Exercise details:
For this exercise, retype each line of the material below verbatim and omit any picture.

Data block:
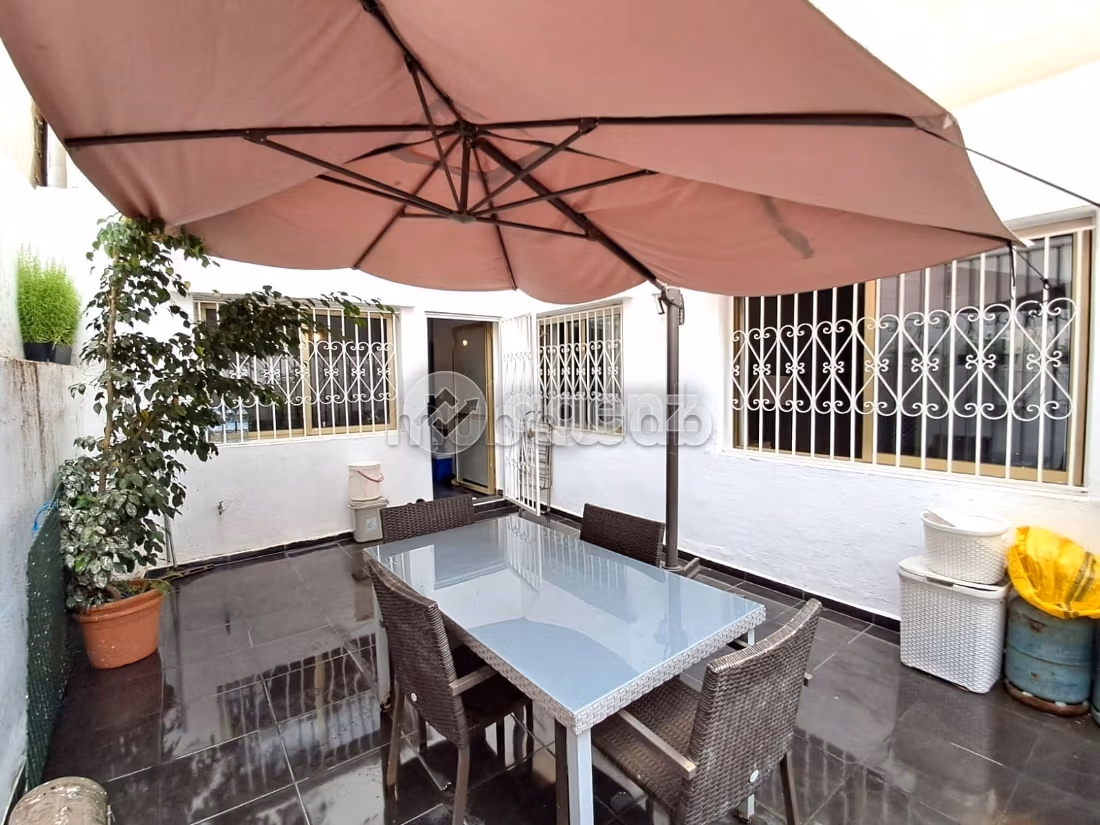 Find an apartment to buy in Bourgogne Ouest. Total area 176 m². Parking spaces and terrace
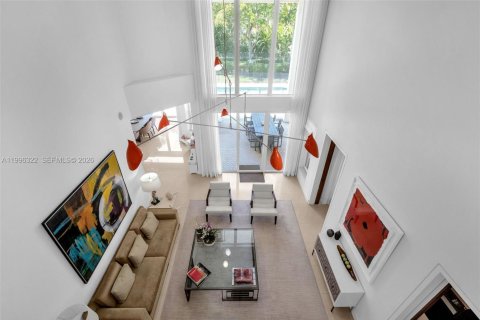 Villa ou maison à vendre à Miami, Floride: 6 chambres, 391.3 m2 № 2059176 - photo 18
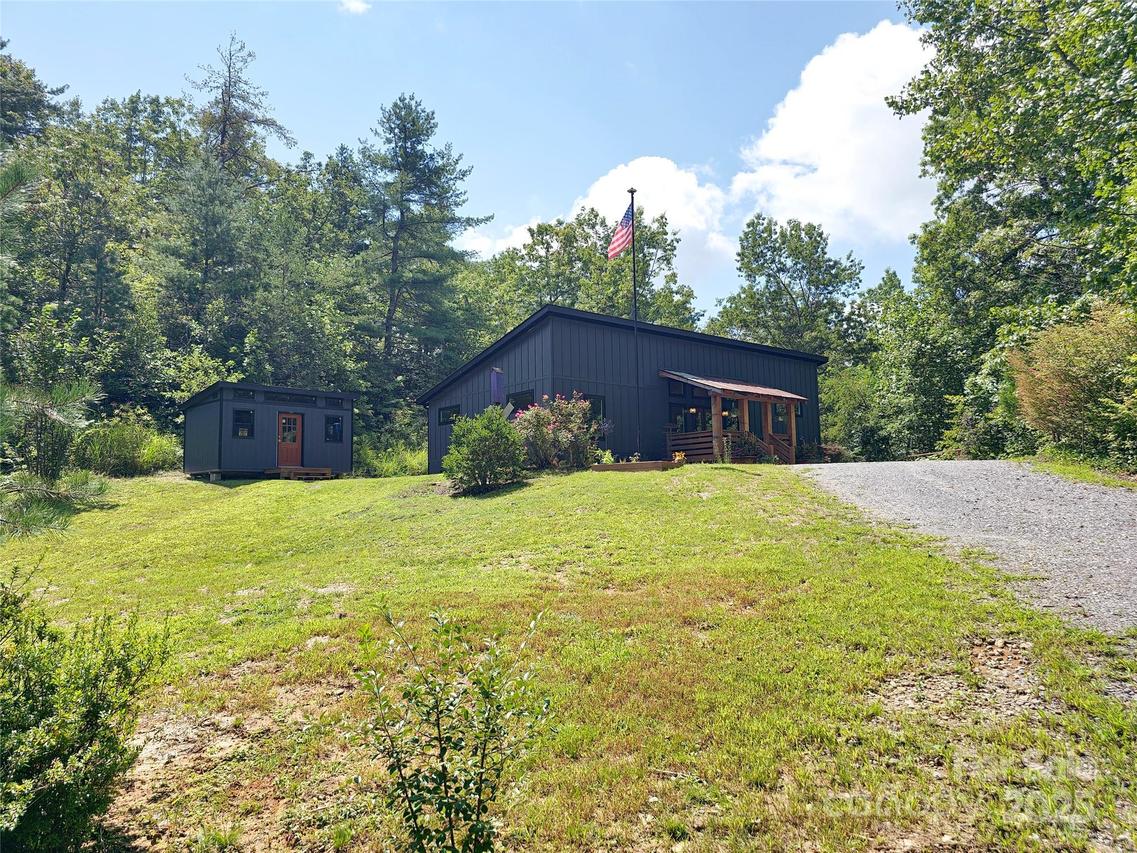 12 Bird Creek Estates Rd., Black Mountain, NC 28711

Completed exercise:
 Find an apartment to buy in Bourgogne Ouest. Total area 176 m². Parking spaces and terrace
 Villa ou maison à vendre à Miami, Floride: 6 chambres, 391.3 m2 № 2059176 - photo 18
 12 Bird Creek Estates Rd., Black Mountain, NC 28711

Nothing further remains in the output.